Plastic Free July was established in 2011 in Western Australia (yes, we Aussies can boast Pana Chocolate, Crowded House and PFJ). Brainchild of Rebecca Prince Ruiz and backed by a small team in local government, the idea for PFJ came after Prince Ruiz toured a local recycling facility and was astonished at the sheer volume of waste processed at just one plant. The movement has grown to become arguably the most prominent global environmental campaign, winning awards for its influence and expanding in 2017 to become the Plastic Free Foundation, a not-for-profit charity. All of this is pretty on paper, but in terms of real-world impact, what has PFJ actually achieved?

PFJ’s most glittering achievement in its first decade was a huge growth in awareness of the plastic crisis, and of the limitations of recycling plants to manage the crisis (only 9% of all plastic produced has ever been recycled). As Prince Ruiz puts so poignantly, ‘plastic production is set to almost quadruple by 2050 – we can’t recycle our way out of this problem. To create a world without plastic waste, we need to turn off the tap, not mop the floor’. Since 2011, plastic pollution has become a mainstream issue, and this is key to reform because the power is with the people. 2021 research found that 29% of global consumers, or 313 million people, were aware of Plastic Free July and 140 million took part.

The number of people revising their daily habits expands every July. What might begin as refusing one or two key single-use items, grows to refusing several, and not just for one month, but ongoing, with many participants inspiring action within schools, workplaces, and communities. 86% of participants made changes during Plastic Free July that have become a way of life, reducing their household waste and recycling by 15kg per person, per year. That’s 2.1 billion tonnes of waste and 300 million kg of plastic, the bulk of which, would have ended up in landfills and the environment.

The greater the awareness of the problem, the more people we have putting pressure on governments and big business to act. Corporations, like Fujifilm and Colgate-Palmolive, have adopted plastic reduction goals, and plastic pollution now sits alongside climate change, at the forefront of government policy agendas. And so it should – what’s the point of ensuring earth is climatically liveable if we’re dropping like flies from plastic’s carcinogenic effects?
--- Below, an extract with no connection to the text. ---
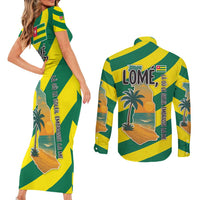 Lome Togo Sunset Couples Matching Short Sleeve Bodycon Dress and Long Sleeve Button Shirt with Palm Trees and Ocean Embrace Design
We are now seeing bans on single-use items and waste reduction targets in many jurisdictions across the globe and, on March 2 this year, United Nations member countries voted to implement a legally binding treaty to end plastic pollution. This victory is, in part, due to pressure from environmental groups, like the Plastic Free Foundation, and widespread public support. Research commissioned by the Foundation in 2021 found that 91% of the global population are for government action on plastic pollution. So, is this the beginning of the end for plastic?

Government leaders will now work together to quell the proliferation of plastic across its entire lifecycle – from the extraction of fossil fuels to plastic design, production and consumption, and the management of plastic waste – reaching a legally binding agreement by 2024.  With the societal, economic, and environmental cost of plastic production now well into the trillions, it is hoped that governments will be propelled out of inertia and commit to the drastic action that is needed from this treaty. We don’t want another Paris, with some leaders walking back on their promises.

While our heads of state don’t have the most dependable track record, what we can count on is the Plastic Free Foundation continuing to build momentum around PFJ and driving all-important micro-level change. Since the inception of Plastic Free July, we’ve seen a global reduction in demand for production of single-use plastic items, like bottled water (2.3%), plastic straws (4%), and fruit and vegetable packaging (3.1%). There is much to be done, but with PFJ expanding each year, in concert with policy efforts, plastic will incrementally lose its stronghold on mother earth. There is no alternative.